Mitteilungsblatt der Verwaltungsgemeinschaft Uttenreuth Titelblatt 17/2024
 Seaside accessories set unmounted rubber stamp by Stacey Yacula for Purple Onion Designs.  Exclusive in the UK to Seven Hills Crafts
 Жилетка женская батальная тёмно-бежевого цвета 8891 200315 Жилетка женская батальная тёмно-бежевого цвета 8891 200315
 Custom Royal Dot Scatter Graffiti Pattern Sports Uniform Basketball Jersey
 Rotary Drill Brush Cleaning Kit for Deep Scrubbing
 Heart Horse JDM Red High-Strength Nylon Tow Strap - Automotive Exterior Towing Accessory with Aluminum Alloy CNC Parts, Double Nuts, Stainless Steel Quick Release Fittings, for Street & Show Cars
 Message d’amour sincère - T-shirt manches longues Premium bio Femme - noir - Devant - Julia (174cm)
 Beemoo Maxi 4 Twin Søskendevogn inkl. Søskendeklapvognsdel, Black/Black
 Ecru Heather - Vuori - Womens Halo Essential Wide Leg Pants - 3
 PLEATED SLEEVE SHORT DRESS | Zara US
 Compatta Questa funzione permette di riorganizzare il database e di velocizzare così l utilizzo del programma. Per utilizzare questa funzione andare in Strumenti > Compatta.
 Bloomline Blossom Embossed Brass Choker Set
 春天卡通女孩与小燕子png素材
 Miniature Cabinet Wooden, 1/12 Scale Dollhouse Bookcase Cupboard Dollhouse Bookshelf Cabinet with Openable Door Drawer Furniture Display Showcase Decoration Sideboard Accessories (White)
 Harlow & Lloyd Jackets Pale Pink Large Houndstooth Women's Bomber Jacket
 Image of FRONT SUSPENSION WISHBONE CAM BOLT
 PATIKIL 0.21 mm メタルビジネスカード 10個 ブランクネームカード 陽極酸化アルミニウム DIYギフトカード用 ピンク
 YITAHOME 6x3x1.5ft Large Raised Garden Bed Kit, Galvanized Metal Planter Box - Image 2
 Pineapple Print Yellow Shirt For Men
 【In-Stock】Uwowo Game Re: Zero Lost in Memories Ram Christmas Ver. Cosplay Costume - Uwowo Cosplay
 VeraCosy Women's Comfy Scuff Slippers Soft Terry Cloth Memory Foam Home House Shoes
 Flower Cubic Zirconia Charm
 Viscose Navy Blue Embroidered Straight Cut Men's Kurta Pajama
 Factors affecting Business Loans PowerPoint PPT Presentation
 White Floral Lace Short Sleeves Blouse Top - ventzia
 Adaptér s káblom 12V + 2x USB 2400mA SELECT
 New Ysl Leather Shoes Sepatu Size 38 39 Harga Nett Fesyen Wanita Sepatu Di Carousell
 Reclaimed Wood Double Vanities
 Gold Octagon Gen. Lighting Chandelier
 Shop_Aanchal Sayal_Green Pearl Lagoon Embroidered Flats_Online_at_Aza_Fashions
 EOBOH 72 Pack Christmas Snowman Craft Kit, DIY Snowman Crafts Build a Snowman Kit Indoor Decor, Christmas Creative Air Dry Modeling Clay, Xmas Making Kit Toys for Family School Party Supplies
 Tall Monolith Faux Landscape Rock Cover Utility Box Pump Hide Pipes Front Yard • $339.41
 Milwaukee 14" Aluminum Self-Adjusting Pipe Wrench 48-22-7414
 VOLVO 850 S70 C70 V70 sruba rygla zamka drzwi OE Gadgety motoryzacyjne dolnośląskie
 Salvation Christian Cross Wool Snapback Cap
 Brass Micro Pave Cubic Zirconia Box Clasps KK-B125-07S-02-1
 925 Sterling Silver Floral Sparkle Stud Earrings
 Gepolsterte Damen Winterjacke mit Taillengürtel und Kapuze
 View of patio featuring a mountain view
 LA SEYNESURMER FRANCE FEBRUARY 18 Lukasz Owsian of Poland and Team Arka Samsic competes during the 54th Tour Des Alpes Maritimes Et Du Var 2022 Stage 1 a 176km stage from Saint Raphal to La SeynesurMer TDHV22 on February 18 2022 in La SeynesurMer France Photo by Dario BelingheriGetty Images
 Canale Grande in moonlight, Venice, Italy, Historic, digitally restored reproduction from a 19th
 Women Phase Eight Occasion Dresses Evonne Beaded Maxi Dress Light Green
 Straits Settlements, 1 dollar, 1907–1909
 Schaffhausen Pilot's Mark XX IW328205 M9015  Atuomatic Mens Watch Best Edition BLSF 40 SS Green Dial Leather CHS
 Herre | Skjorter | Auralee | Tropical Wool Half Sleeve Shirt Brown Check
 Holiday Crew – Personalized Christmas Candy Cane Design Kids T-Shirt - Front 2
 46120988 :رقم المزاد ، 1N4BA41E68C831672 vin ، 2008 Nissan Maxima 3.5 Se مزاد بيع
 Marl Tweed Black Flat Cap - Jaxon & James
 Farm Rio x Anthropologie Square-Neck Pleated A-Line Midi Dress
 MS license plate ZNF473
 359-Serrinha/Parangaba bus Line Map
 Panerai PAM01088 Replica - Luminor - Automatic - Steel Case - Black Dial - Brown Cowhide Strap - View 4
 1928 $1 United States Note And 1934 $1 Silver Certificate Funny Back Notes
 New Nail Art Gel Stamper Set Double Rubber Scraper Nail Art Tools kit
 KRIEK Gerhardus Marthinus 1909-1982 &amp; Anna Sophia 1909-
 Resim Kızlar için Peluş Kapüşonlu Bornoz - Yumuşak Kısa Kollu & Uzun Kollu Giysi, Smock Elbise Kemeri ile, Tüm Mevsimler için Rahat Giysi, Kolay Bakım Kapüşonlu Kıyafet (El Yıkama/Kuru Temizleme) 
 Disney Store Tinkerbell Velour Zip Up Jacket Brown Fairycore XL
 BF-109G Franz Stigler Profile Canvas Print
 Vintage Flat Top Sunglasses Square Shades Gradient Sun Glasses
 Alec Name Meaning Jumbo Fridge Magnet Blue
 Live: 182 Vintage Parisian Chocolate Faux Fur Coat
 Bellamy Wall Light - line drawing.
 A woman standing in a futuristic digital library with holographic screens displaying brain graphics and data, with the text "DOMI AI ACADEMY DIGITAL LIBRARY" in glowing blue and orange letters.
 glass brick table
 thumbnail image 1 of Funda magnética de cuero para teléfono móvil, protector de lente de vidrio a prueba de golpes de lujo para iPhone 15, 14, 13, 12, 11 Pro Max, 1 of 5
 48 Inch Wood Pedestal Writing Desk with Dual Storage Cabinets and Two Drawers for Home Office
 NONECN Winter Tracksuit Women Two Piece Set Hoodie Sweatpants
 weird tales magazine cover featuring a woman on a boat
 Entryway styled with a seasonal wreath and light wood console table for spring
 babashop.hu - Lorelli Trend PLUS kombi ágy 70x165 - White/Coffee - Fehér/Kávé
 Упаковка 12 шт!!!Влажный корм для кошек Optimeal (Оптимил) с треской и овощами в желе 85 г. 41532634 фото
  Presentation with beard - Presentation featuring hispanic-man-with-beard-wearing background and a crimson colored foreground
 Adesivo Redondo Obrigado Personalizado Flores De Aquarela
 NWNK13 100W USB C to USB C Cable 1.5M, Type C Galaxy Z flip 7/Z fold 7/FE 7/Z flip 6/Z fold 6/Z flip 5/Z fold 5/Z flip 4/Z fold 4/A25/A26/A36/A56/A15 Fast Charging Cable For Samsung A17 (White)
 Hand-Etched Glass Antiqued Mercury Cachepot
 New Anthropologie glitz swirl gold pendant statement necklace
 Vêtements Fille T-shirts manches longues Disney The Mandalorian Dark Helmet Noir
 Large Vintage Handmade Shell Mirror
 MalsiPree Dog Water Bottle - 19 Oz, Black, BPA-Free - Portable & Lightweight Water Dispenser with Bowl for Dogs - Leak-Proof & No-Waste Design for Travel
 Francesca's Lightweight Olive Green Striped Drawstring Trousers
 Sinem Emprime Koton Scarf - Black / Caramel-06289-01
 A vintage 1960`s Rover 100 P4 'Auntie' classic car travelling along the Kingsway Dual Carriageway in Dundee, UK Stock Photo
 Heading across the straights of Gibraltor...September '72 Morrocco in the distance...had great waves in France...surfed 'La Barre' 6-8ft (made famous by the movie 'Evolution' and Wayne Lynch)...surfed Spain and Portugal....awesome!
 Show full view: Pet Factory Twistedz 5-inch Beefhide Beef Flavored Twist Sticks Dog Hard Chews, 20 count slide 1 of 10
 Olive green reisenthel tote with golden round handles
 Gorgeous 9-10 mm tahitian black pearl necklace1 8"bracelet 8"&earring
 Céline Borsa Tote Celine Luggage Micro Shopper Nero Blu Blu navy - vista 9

———

→ **PROBLEM TO SOLVE**:
Restate word for word only the lines above from the line containing "LA SEYNESURMER FRANCE FEBRUARY" to the line containing "Alec Name Meaning Jumbo Fridge Magnet Blue", both of them included.

→ **RESULT OF THE TASK**:
 LA SEYNESURMER FRANCE FEBRUARY 18 Lukasz Owsian of Poland and Team Arka Samsic competes during the 54th Tour Des Alpes Maritimes Et Du Var 2022 Stage 1 a 176km stage from Saint Raphal to La SeynesurMer TDHV22 on February 18 2022 in La SeynesurMer France Photo by Dario BelingheriGetty Images
 Canale Grande in moonlight, Venice, Italy, Historic, digitally restored reproduction from a 19th
 Women Phase Eight Occasion Dresses Evonne Beaded Maxi Dress Light Green
 Straits Settlements, 1 dollar, 1907–1909
 Schaffhausen Pilot's Mark XX IW328205 M9015  Atuomatic Mens Watch Best Edition BLSF 40 SS Green Dial Leather CHS
 Herre | Skjorter | Auralee | Tropical Wool Half Sleeve Shirt Brown Check
 Holiday Crew – Personalized Christmas Candy Cane Design Kids T-Shirt - Front 2
 46120988 :رقم المزاد ، 1N4BA41E68C831672 vin ، 2008 Nissan Maxima 3.5 Se مزاد بيع
 Marl Tweed Black Flat Cap - Jaxon & James
 Farm Rio x Anthropologie Square-Neck Pleated A-Line Midi Dress
 MS license plate ZNF473
 359-Serrinha/Parangaba bus Line Map
 Panerai PAM01088 Replica - Luminor - Automatic - Steel Case - Black Dial - Brown Cowhide Strap - View 4
 1928 $1 United States Note And 1934 $1 Silver Certificate Funny Back Notes
 New Nail Art Gel Stamper Set Double Rubber Scraper Nail Art Tools kit
 KRIEK Gerhardus Marthinus 1909-1982 &amp; Anna Sophia 1909-
 Resim Kızlar için Peluş Kapüşonlu Bornoz - Yumuşak Kısa Kollu & Uzun Kollu Giysi, Smock Elbise Kemeri ile, Tüm Mevsimler için Rahat Giysi, Kolay Bakım Kapüşonlu Kıyafet (El Yıkama/Kuru Temizleme) 
 Disney Store Tinkerbell Velour Zip Up Jacket Brown Fairycore XL
 BF-109G Franz Stigler Profile Canvas Print
 Vintage Flat Top Sunglasses Square Shades Gradient Sun Glasses
 Alec Name Meaning Jumbo Fridge Magnet Blue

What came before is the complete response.